Under * nix, blocking mode is defined without problems by calling the fcntl () function, but under WinSock2 nothing of the kind was found, and on the forums nothing but “Windows does not offer any way to query whether a socket is currently set to blocking or non-blocking” nobody answered.
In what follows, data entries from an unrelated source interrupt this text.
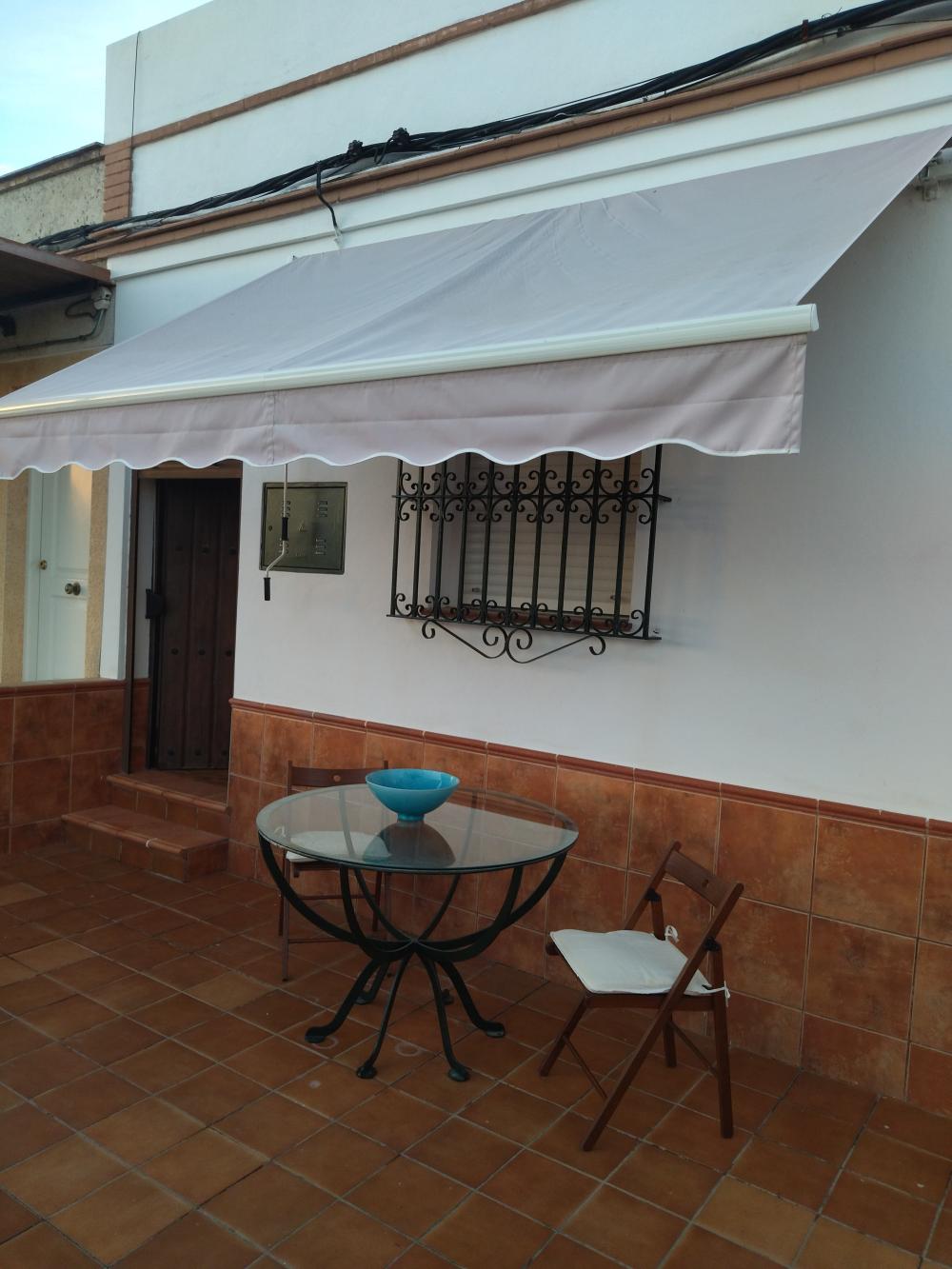  till salu villa Jedula Sierra De Cádiz 16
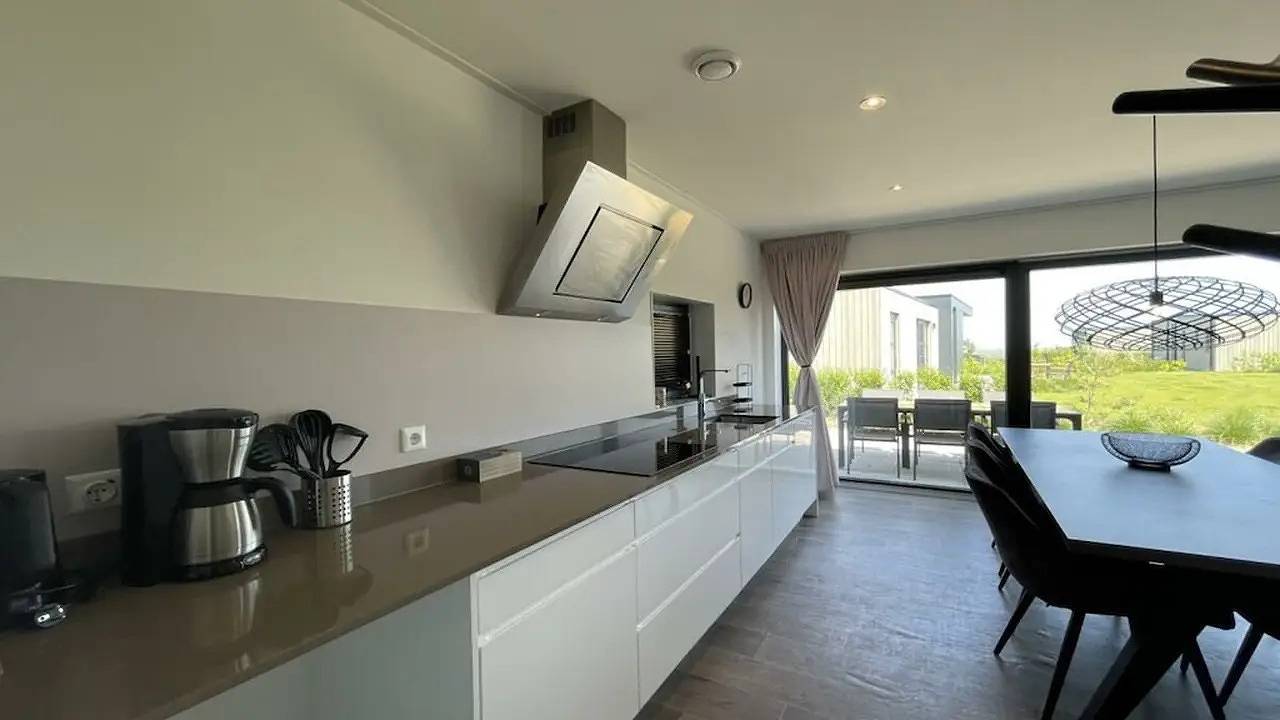 Ferienhaus für 6 Personen mit Garten in Enkhuizen, Ijsselmeer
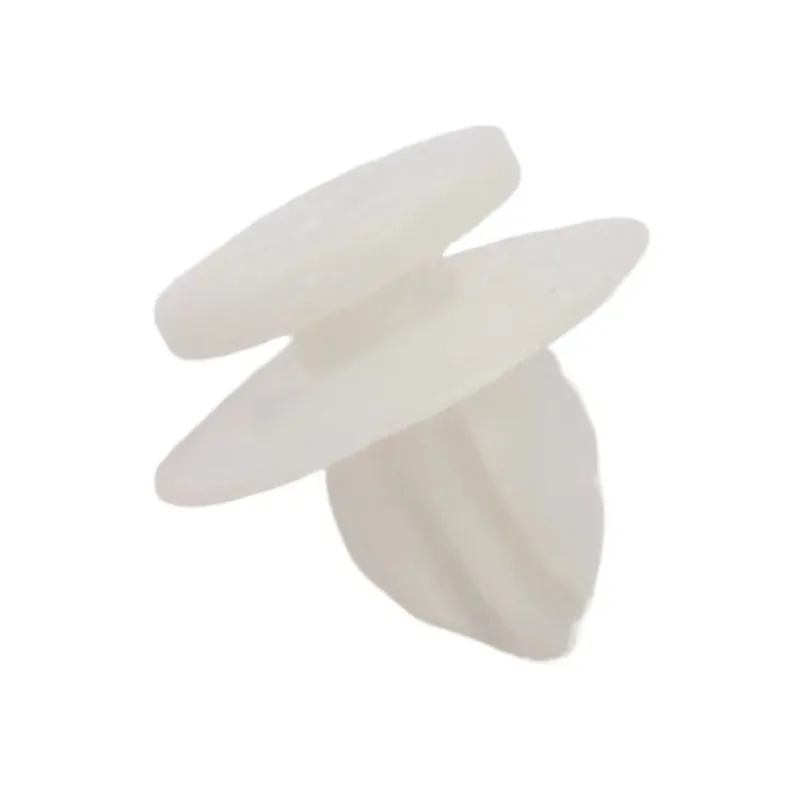 Lower Edge Beam Fixing Clips Fasteners Plastic Clip for Great Wall for Haval H6 H2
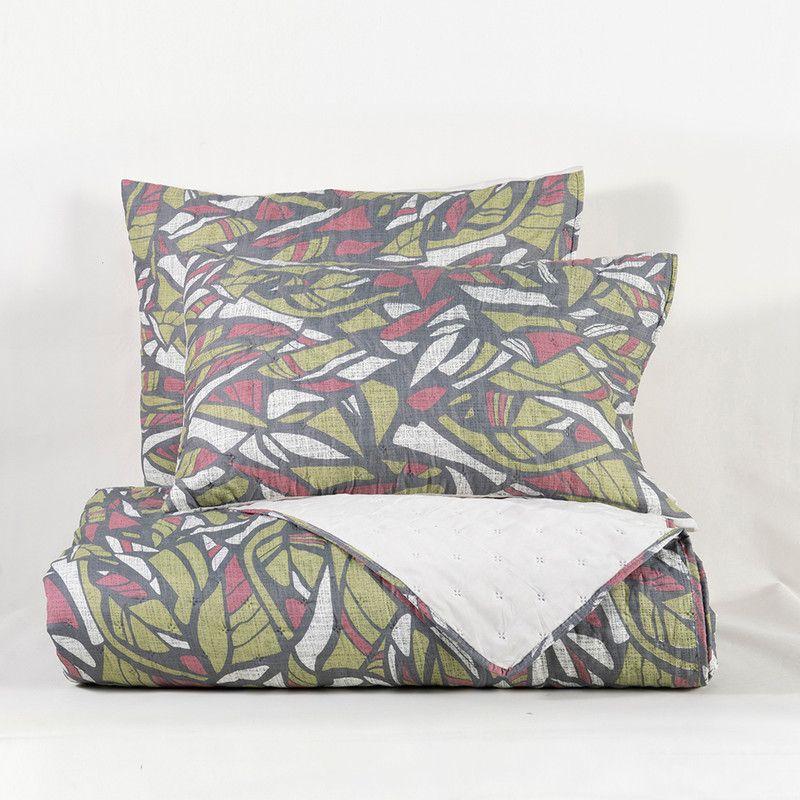 Quilt Toledo MF Estampada King Stone-4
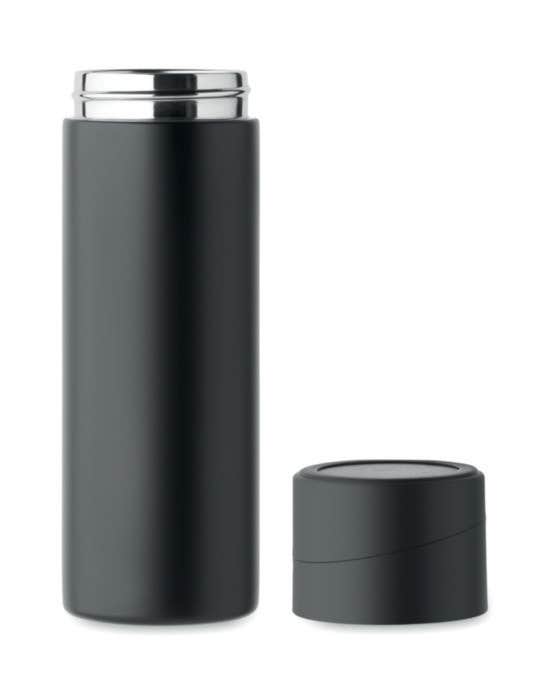 Gourde isotherme à double paroi Phottle 420 ml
But there is still a way to determine:

// GetBlockingMode возвращает: 1 - nonblocking | 0 - blocking | -1 - error | -2 - timeout reseted!
int GetBlockingMode(int Sock)
{
	int iSize, iValOld, iValNew, retgso;
	iSize = sizeof(iValOld);
	retgso = getsockopt(Sock, SOL_SOCKET, SO_RCVTIMEO, (char *)&iValOld, &iSize); // Save current timeout value
	if (retgso == SOCKET_ERROR) return (-1);
	iValNew = 1;
	retgso = setsockopt(Sock, SOL_SOCKET, SO_RCVTIMEO, (char *)&iValNew, iSize); // Set new timeout to 1 ms
	if (retgso == SOCKET_ERROR) return (-1);
	// Ok! Try read 0 bytes.
	char buf[1]; // 1 - why not :)
	int retrcv = recv(Sock, buf, 0, MSG_OOB); // try read MSG_OOB
	int werr = WSAGetLastError();
	retgso = setsockopt(Sock, SOL_SOCKET, SO_RCVTIMEO, (char *)&iValOld, iSize); // Set timeout to initial value
	if (retgso == SOCKET_ERROR) return (-2);
	if (werr == WSAENOTCONN) return (-1);
	if (werr == WSAEWOULDBLOCK) return 1;
	return 0;
}

The function accepts the socket number and returns 1 if the socket is in nonblocking mode, 0 - blocking, -1 if a detection error occurred, and -2 if the socket remained with a small timeout after determining the mode.

In short, the sequence of actions is as follows:

1. We save the value of the socket timeout (by default there is 0 - “wait forever”).
2. Set the timeout to 1 millisecond.
3. Read from the socket 0 (zero) bytes of Out of Band data. An explanation is needed here: If OOB data is transmitted, the function may lie, but I have never encountered OOB since Windows NT4 crashed into a blue screen when trying to accept this ( WinNuke ).
4. We get an error that occurred as a result of reading.
5. Restore the old socket timeout value.
6. We look at the reading error we had: if WSAEWOULDBLOCK, then the socket is in nonblocking mode, which was to be determined.

The disadvantages of this method, in addition to the already mentioned MSG_OOB, include a 1-millisecond detection delay and a non-zero probability of spoiling the socket read timeout (although the load test has never revealed such a behavior).